Além dos policiais, integrantes do Poder Judiciário e do Ministério Público consideram a medida fundamental. A palavra final pode mais uma vez ser do Supremo Tribunal Federal. Três ações com esse objetivo estão previstas para serem decididas pelo plenário do tribunal.
Divergências institucionais
Existem outras questões que colocam até mesmo alguns órgãos oficiais em conflito. Funcionários da Agência Brasileira de Inteligência (Abin), por exemplo, reclamam da falta de instrumentos para monitorar o comportamento de possíveis criminosos nas redes. Neste caso específico, informações sobre comportamentos suspeitos na internet justificariam o monitoramento dos movimentos de Tiü França, incluindo suas viagens a Brasília e, posteriormente, suas visitas à Câmara e ao Supremo Tribunal Federal.

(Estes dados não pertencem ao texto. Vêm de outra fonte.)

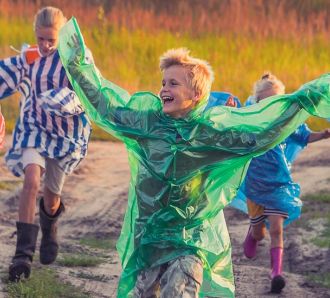 a bunch of kids run and play in the rain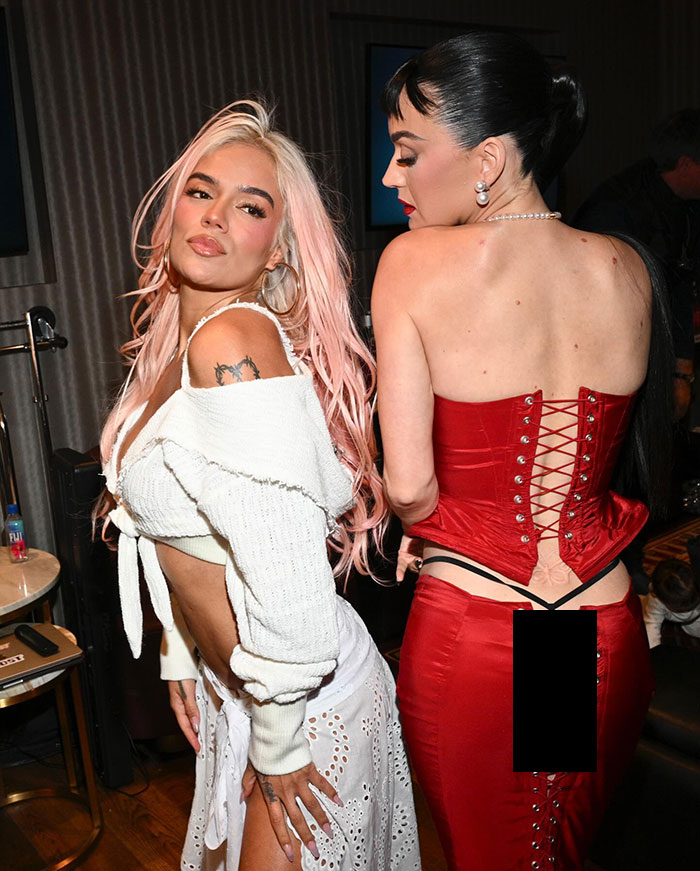 Singer Katy Perry in a red corset shows butterfly tattoo and thong at Billboard Women in Music Awards 2024 event. Singer Katy Perry in a red corset shows butterfly tattoo and thong at Billboard Women in Music Awards 2024 event.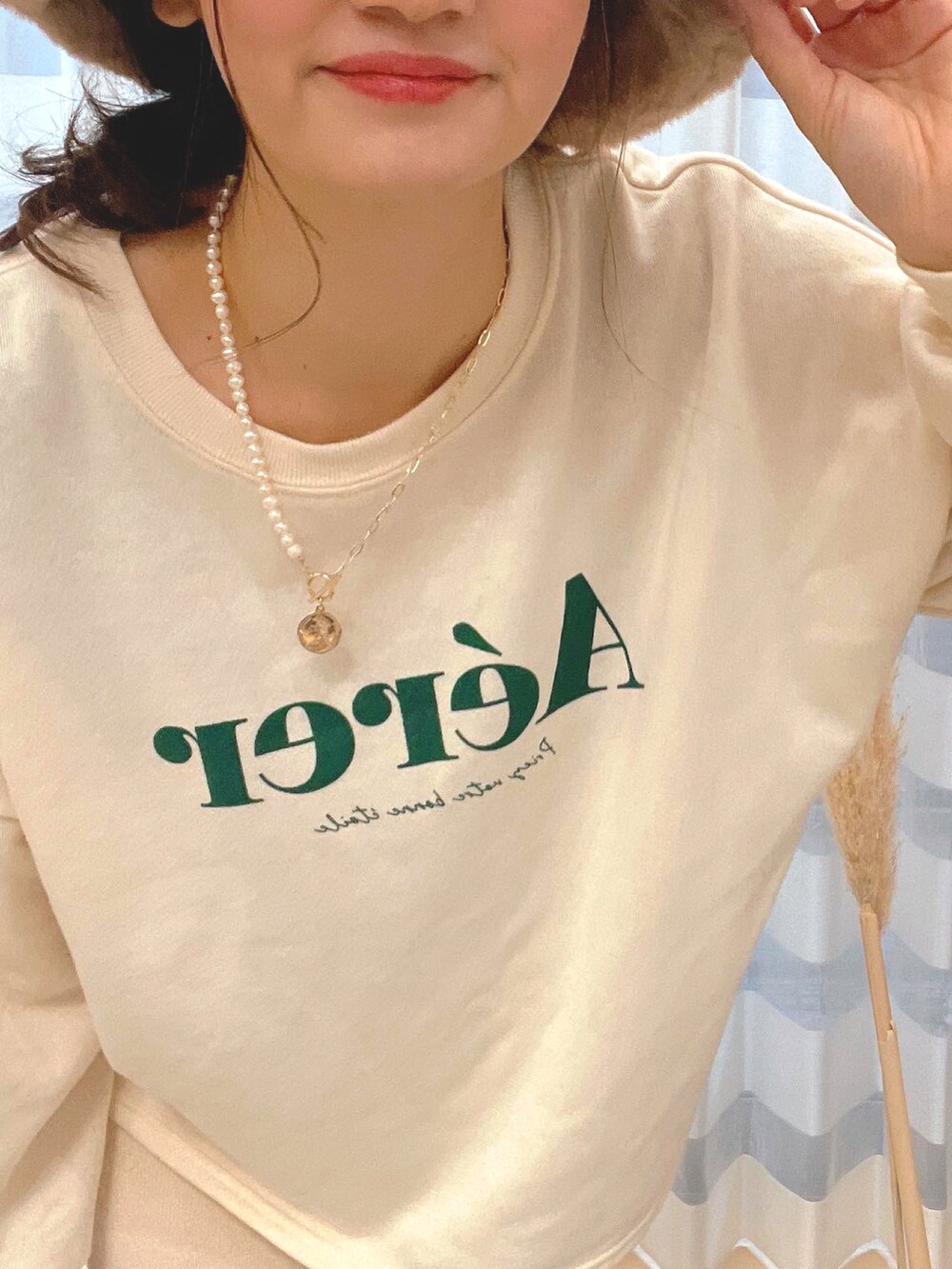 ベージュ系のスウェット、ホワイト系のスカート、ゴールド系のデジタル腕時計を着用したレディースの冬コーディネートの3枚目の写真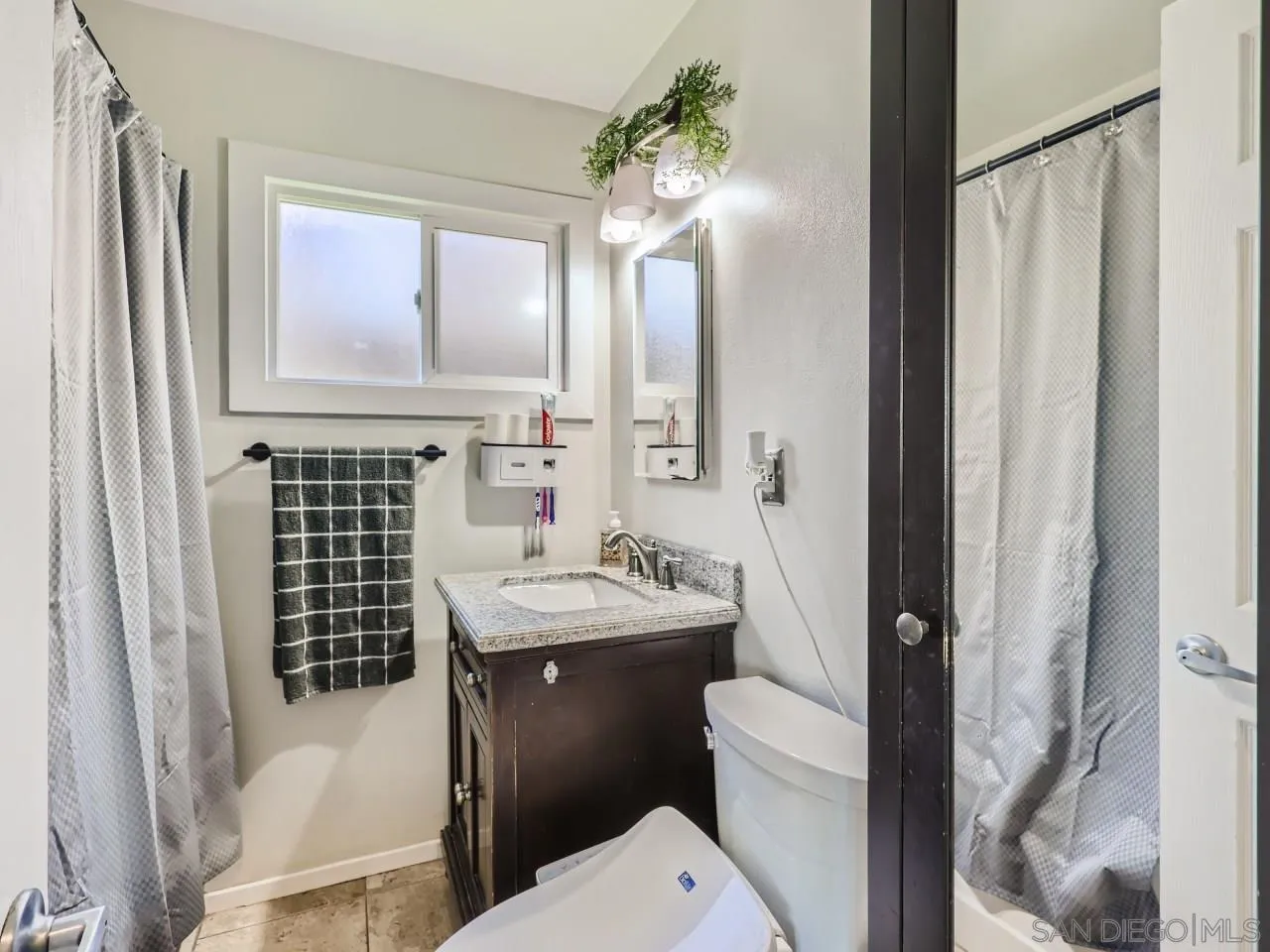 9456 Domer Road Santee, CA 92071 - Photo 17 of 30 a bathroom with a sink a toilet a mirror and shower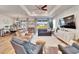 Bright and airy living room with hardwood floors and comfortable seating at 12940 Brookside Moss Dr, Riverview, FL 33579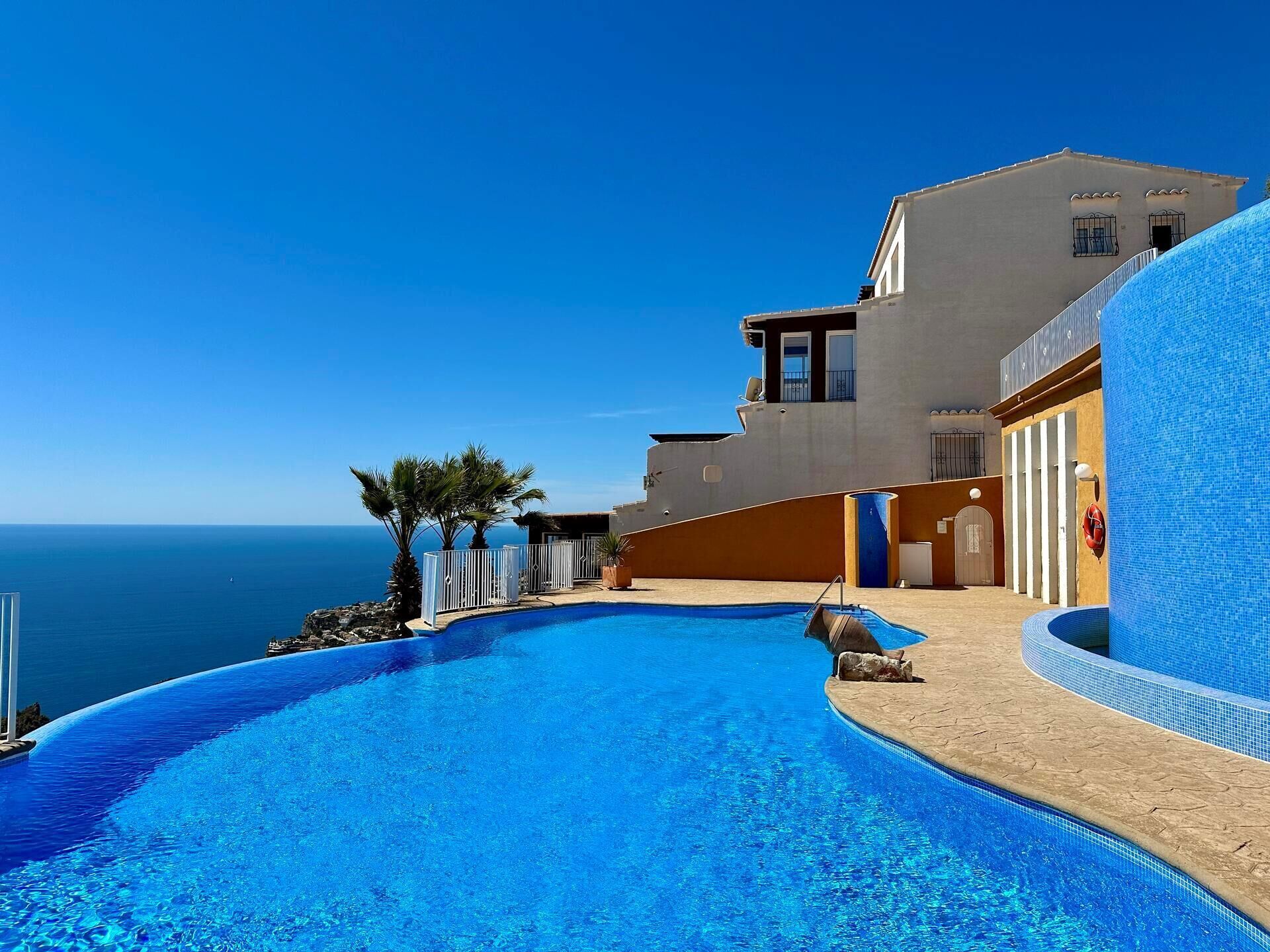 A modern hotel with a pool overlooking the sea, featuring a curved design and a clear view of the ocean.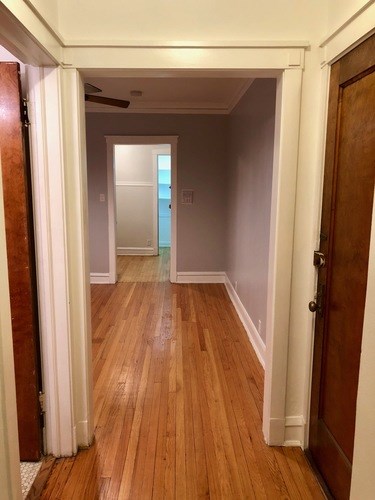 A hallway with wood floors and white walls.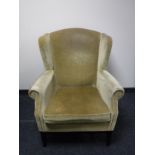 A mid twentieth century fireside armchair,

A Abin, cujo relacionamento com a Polícia Federal não é bom, também reclama por não ter acesso a outras informações que considera essenciais, que incluem o sistema de monitoramento de 18 câmeras de alta tecnologia na Esplanada dos Ministérios. O equipamento é da Agência Brasileira de Desenvolvimento Industrial (ABDI) e foi testado pela agência. O sistema foi entregue em julho à gestão da Secretaria de Segurança Pública do Distrito Federal. A atribuição é atribuída a outro ponto de tensão institucional, entre o presidente da ABDI, o ex-ministro interino do Gabinete de Segurança Institucional da Presidência da República Ricardo Capelli, e o diretor da Abin, o delegado aposentado da Polícia Federal, Luiz Fernando Corrêa .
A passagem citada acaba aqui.